For detailed documentation see MDIOAccessor.
- Parameters:
mdio_path_or_buffer (str) – Store or URL for MDIO file.
access_pattern (str) – Chunk access pattern, optional. Default is “012”. Examples: ‘012’, ‘01’.
storage_options (dict) – Options for the storage backend. By default, system-wide credentials will be used.
return_metadata (bool) – Flag for returning live mask, headers, and traces or just the trace data. Default is False, which means just trace data will be returned.
new_chunks (tuple[int, ...]) – Chunk sizes used in Dask backend. Ignored for Zarr backend. By default, the disk-chunks will be used. However, if we want to stream groups of chunks to a Dask worker, we can rechunk here. Then each Dask worker can asynchronously fetch multiple chunks before working.
backend (str) – Backend selection, optional. Default is “zarr”. Must be in {‘zarr’, ‘dask’}.
disk_cache (bool) – Disk cache implemented by fsspec, optional. Default is False, which turns off disk caching. See simplecache from fsspec documentation for more details.
Data Converters¶
Seismic Data¶
Note
By default, the SEG-Y ingestion tool uses Python’s multiprocessing
to speed up parsing the data. This almost always requires a __main__
guard on any other Python code that is executed directly like
python file.py
. When running inside Jupyter, this is NOT needed.
1if __name__ == "__main__":
2 segy_to_mdio(...)
When the CLI is invoked, this is already handled.
See the official multiprocessing
documentation
here
and
here.
Conversion from SEG-Y to MDIO.
- mdio.converters.segy.segy_to_mdio(segy_path, mdio_path_or_buffer, index_bytes, index_names=None, index_types=None, chunksize=None, lossless=True, compression_tolerance=0.01, storage_options_input=None, storage_options_output=None, overwrite=False, grid_overrides=None)¶
Convert SEG-Y file to MDIO format.
MDIO allows ingesting flattened seismic surveys in SEG-Y format into a multidimensional tensor that represents the correct geometry of the seismic dataset.
The SEG-Y file must be on disk, MDIO currently does not support reading SEG-Y directly from the cloud object store.

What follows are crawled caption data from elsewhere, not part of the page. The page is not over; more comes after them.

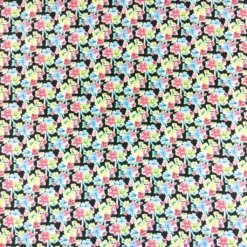 Viskose Webware schwarz mit bunten Blumenmuster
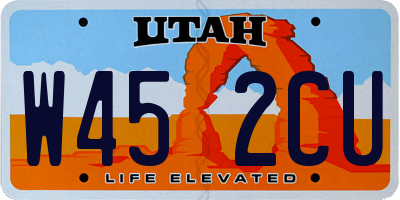 UT license plate W452CU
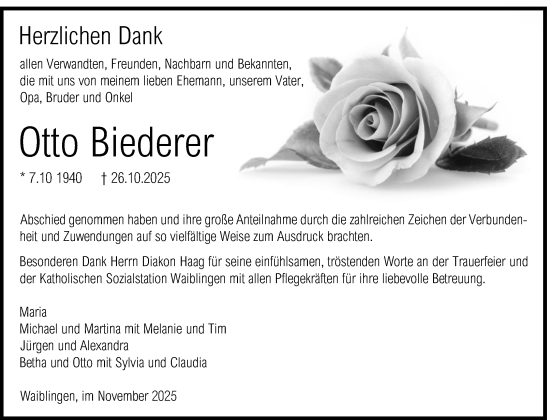 Traueranzeige von Otto Biederer von Waiblinger Kreiszeitung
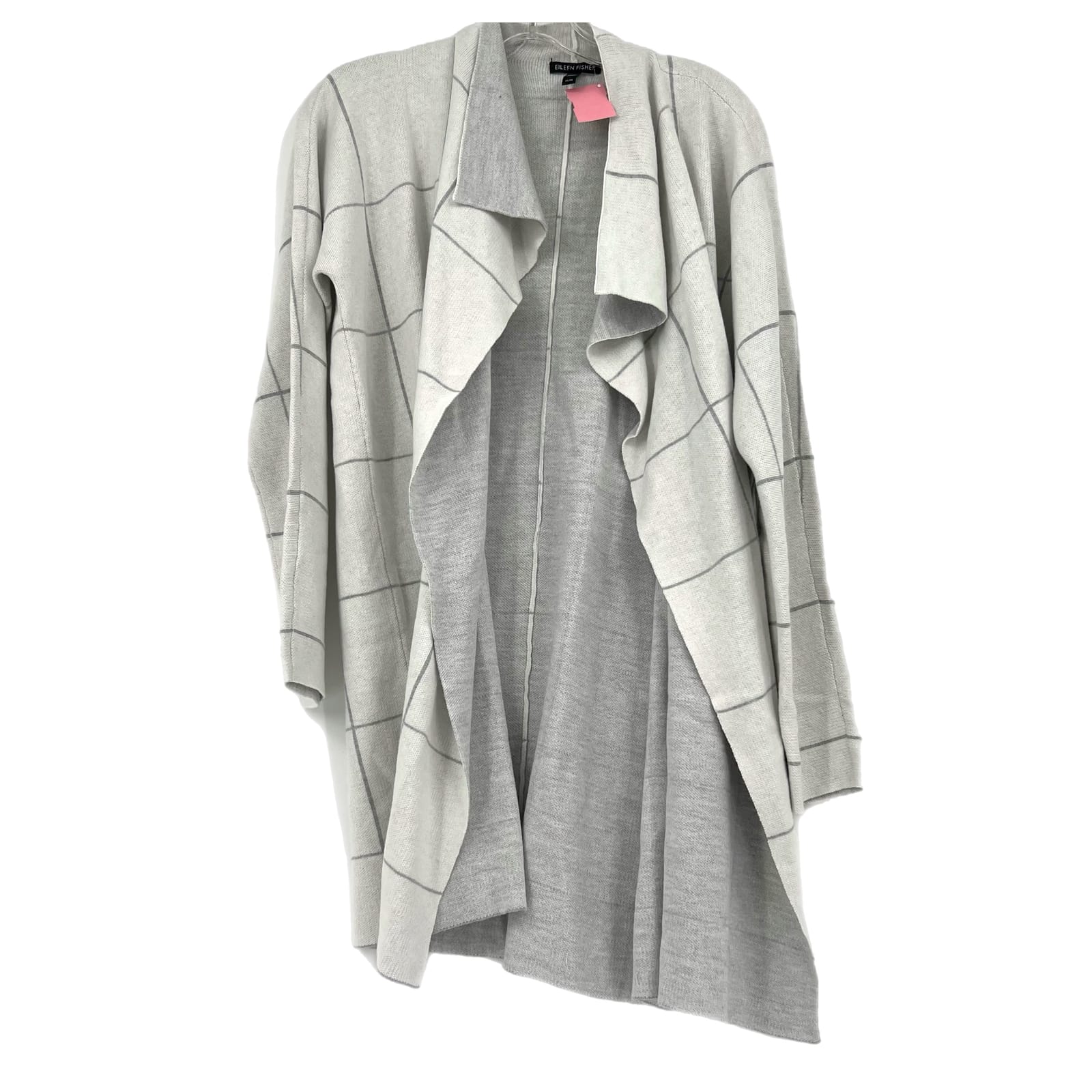 Eileen Fisher Gray & White Plaid Cardigan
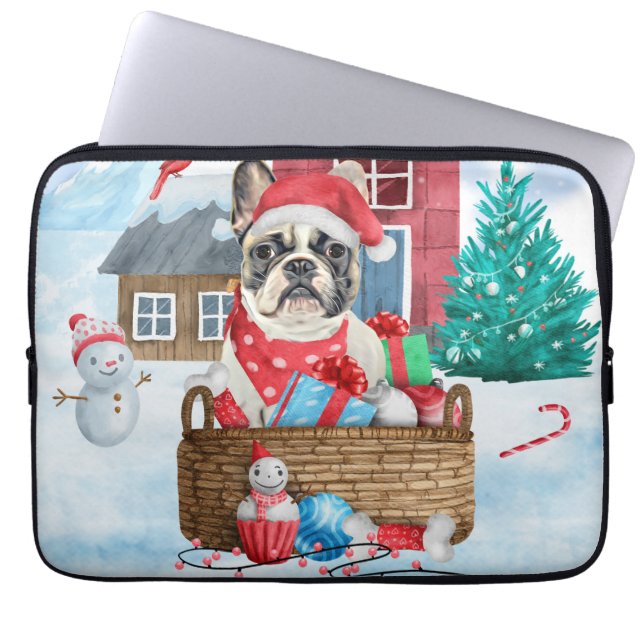 Funda Para Portátil Bulldog francés en casa de perros de Navidades de  (Frente)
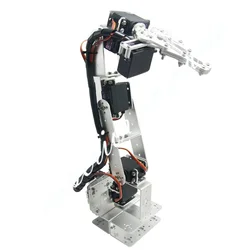 Arduino Robot 6 DOF Aluminium Clamp Claw Mount Kit Mechanical Robotic Arm & Servos  Metal Servo Horn-Silver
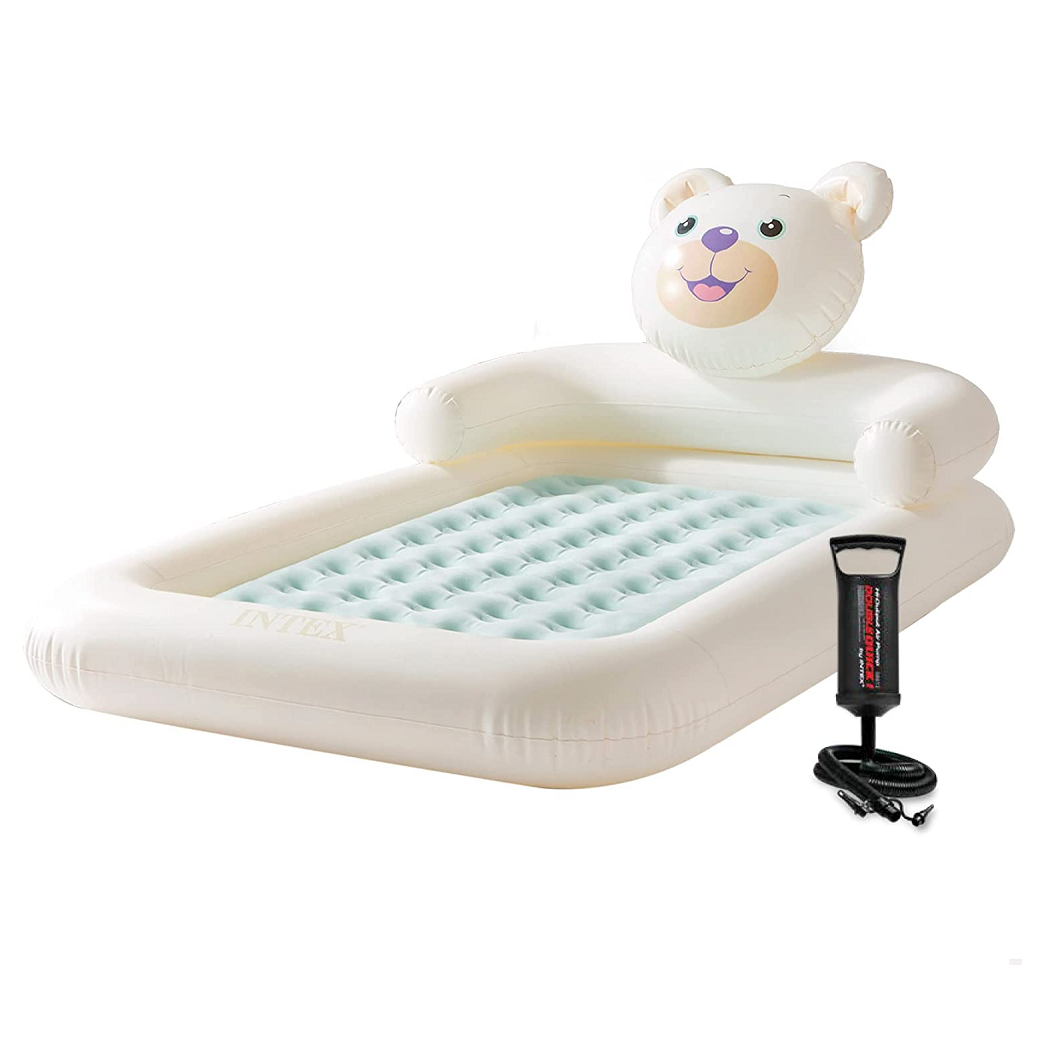 Intex Teddy Bear Kids Travel Bed With Hand Pump ( 45in x 70in x 28in )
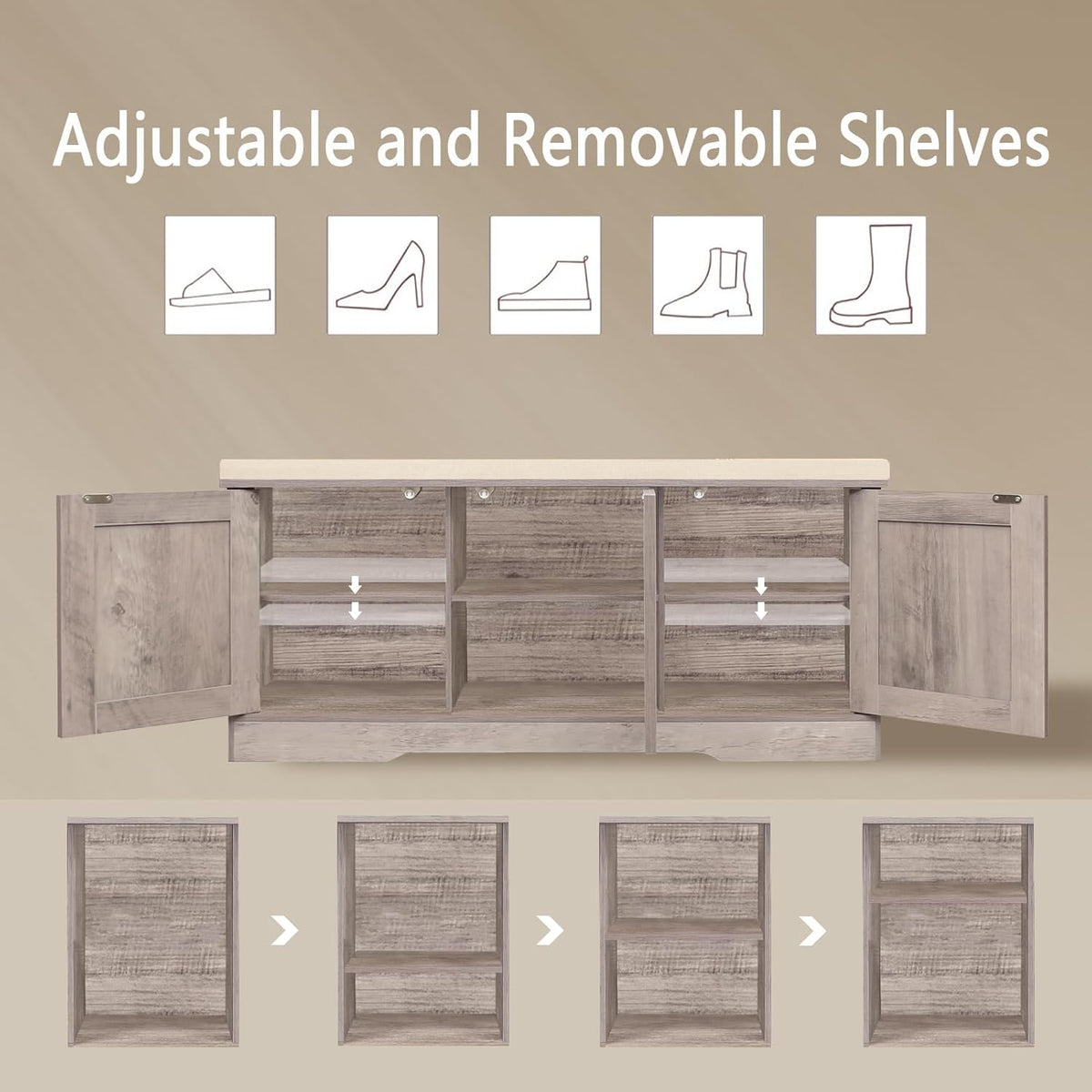 DINZI LVJ Shoe Bench, Entryway Storage Bench with Doors, Cushion, 2-Tier Shoe Rack with 6-Cubby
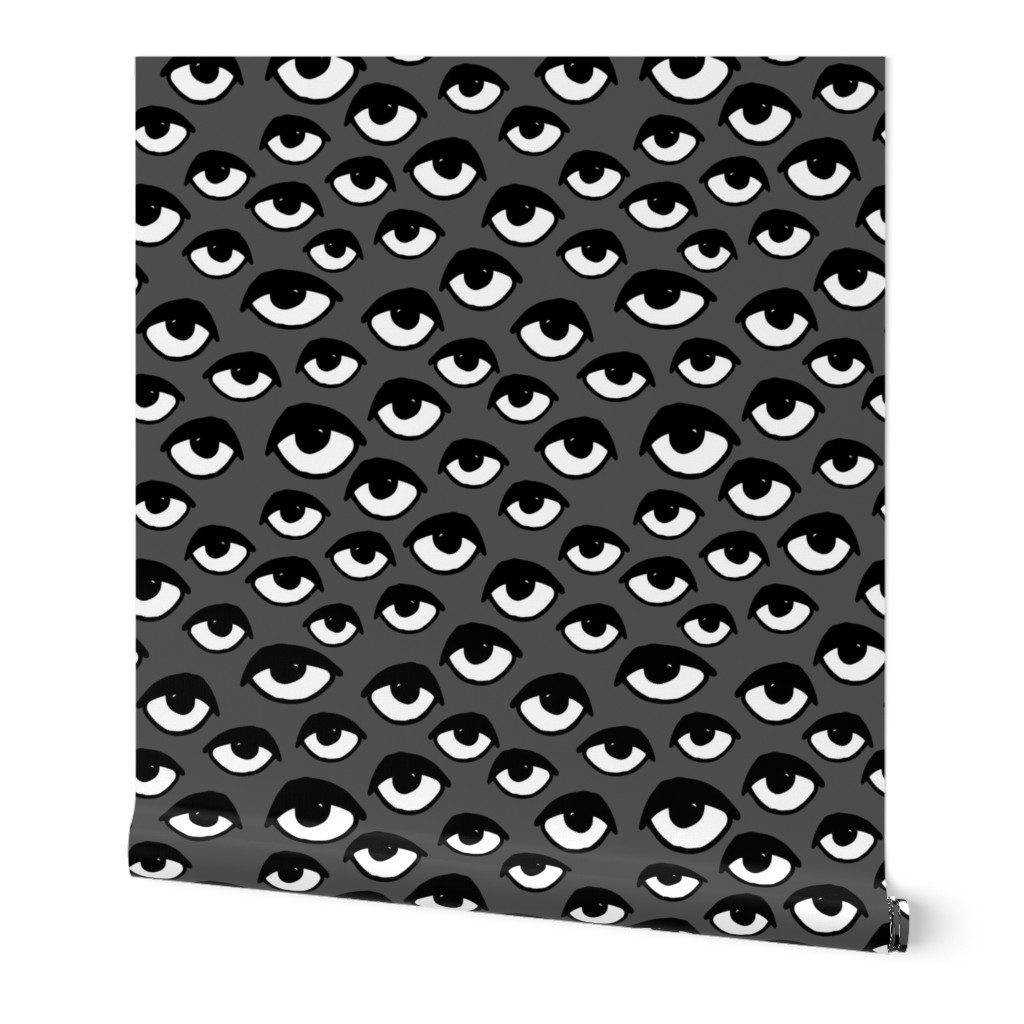 eyes // charcoal eye fabric scary creepy spooky halloween fabric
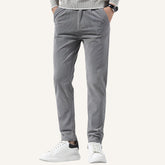 Calça de Veludo Masculina Old Money Versailles Cinza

The output MDIO file can be local or on the cloud. For local files, a UNIX or Windows path is sufficient. However, for cloud stores, an appropriate protocol must be provided. See examples for more details.
The SEG-Y headers for indexing must also be specified. The index byte locations (starts from 1) are the minimum amount of information needed to index the file. However, we suggest giving names to the index dimensions, and if needed providing the header lengths if they are not standard. By default, all header entries are assumed to be 4-byte long.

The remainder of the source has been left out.